═════ Data under study ═════
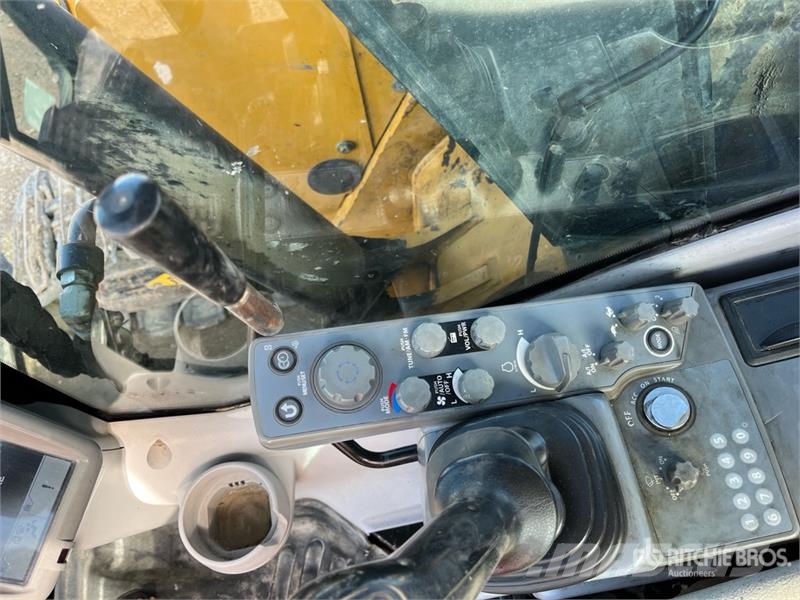 John Deere 75G Bageri guseničari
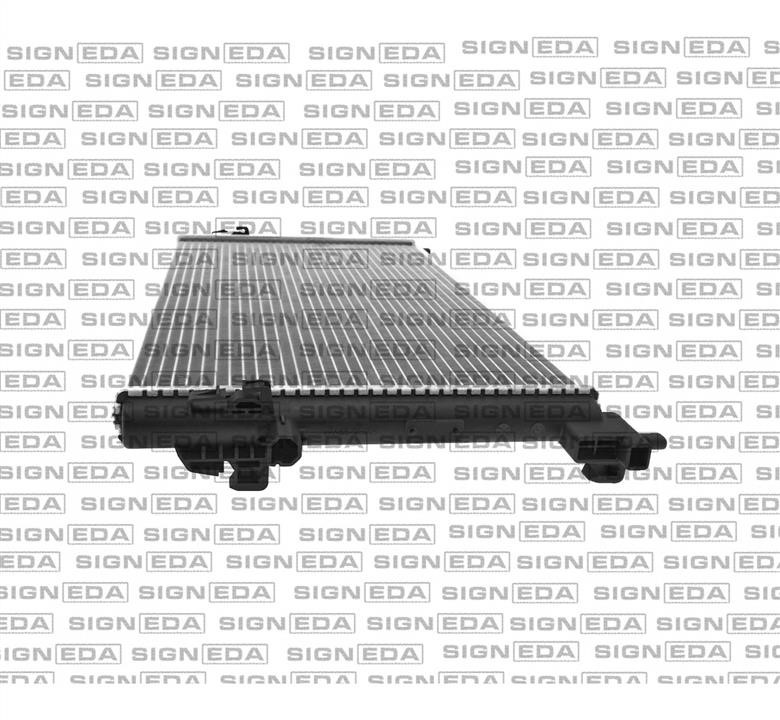 Радиатор охлаждения двигателя Signeda RA65317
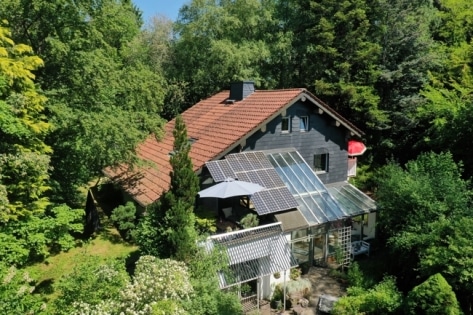 Pferdeliebhaber aufgepasst! Idyllisches Anwesen mit Holzblockhaus, Stallungen, Paddock & Weideland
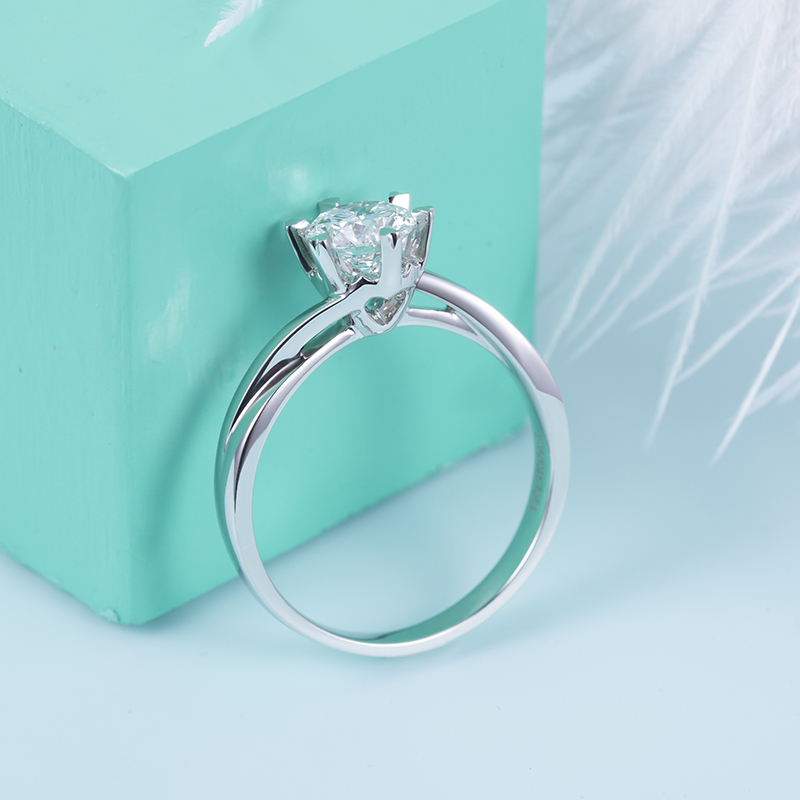 HOPE 18K Gold Round Lab-Grown Diamond IGI Certified D Color VVS Clarity Brilliant Cut Ring for Bride
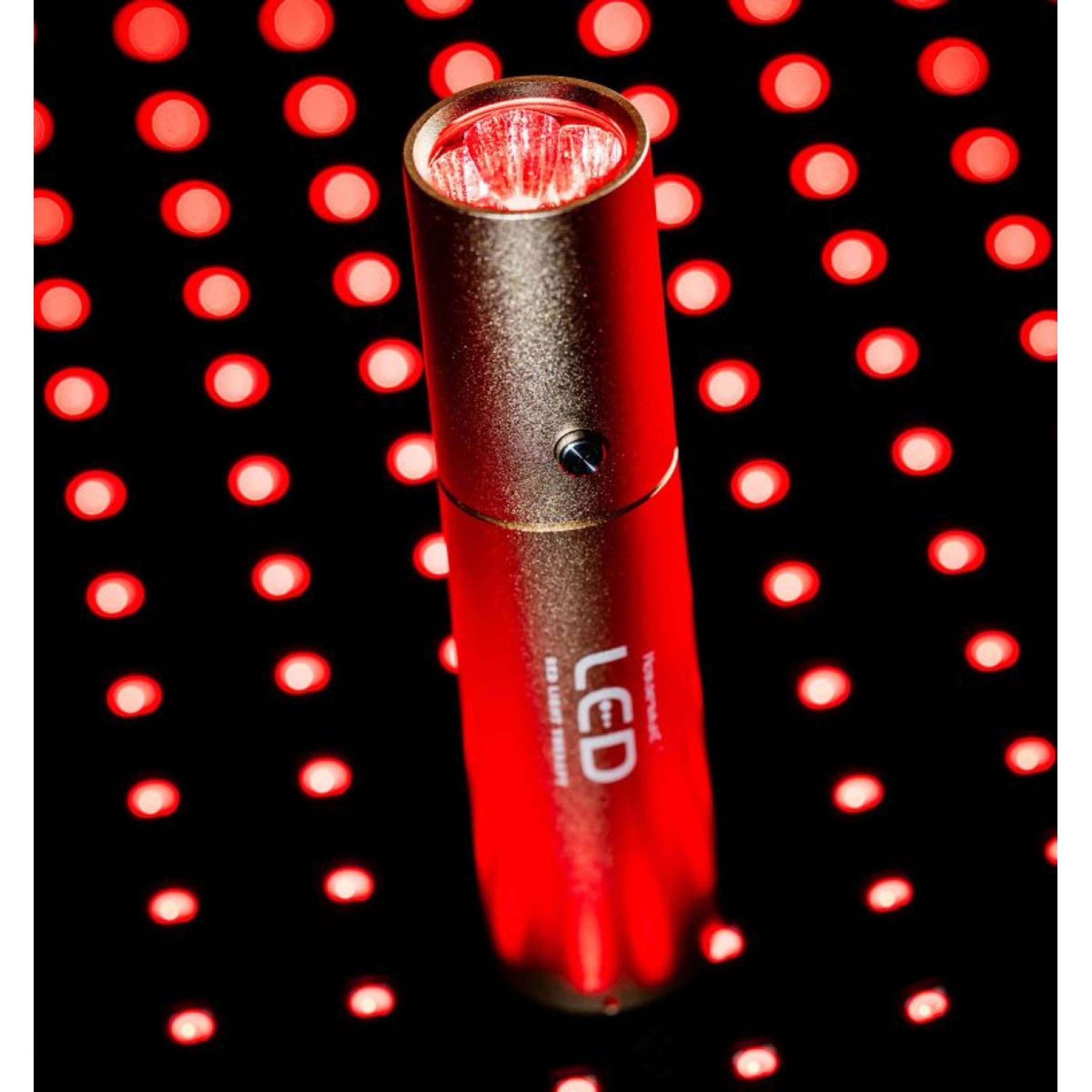 Horseware LED Red Light Therapy Wand Black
═════
Without the pictures, copy the material exactly as given.

 John Deere 75G Bageri guseničari
 Радиатор охлаждения двигателя Signeda RA65317
 Pferdeliebhaber aufgepasst! Idyllisches Anwesen mit Holzblockhaus, Stallungen, Paddock & Weideland
 HOPE 18K Gold Round Lab-Grown Diamond IGI Certified D Color VVS Clarity Brilliant Cut Ring for Bride
 Horseware LED Red Light Therapy Wand Black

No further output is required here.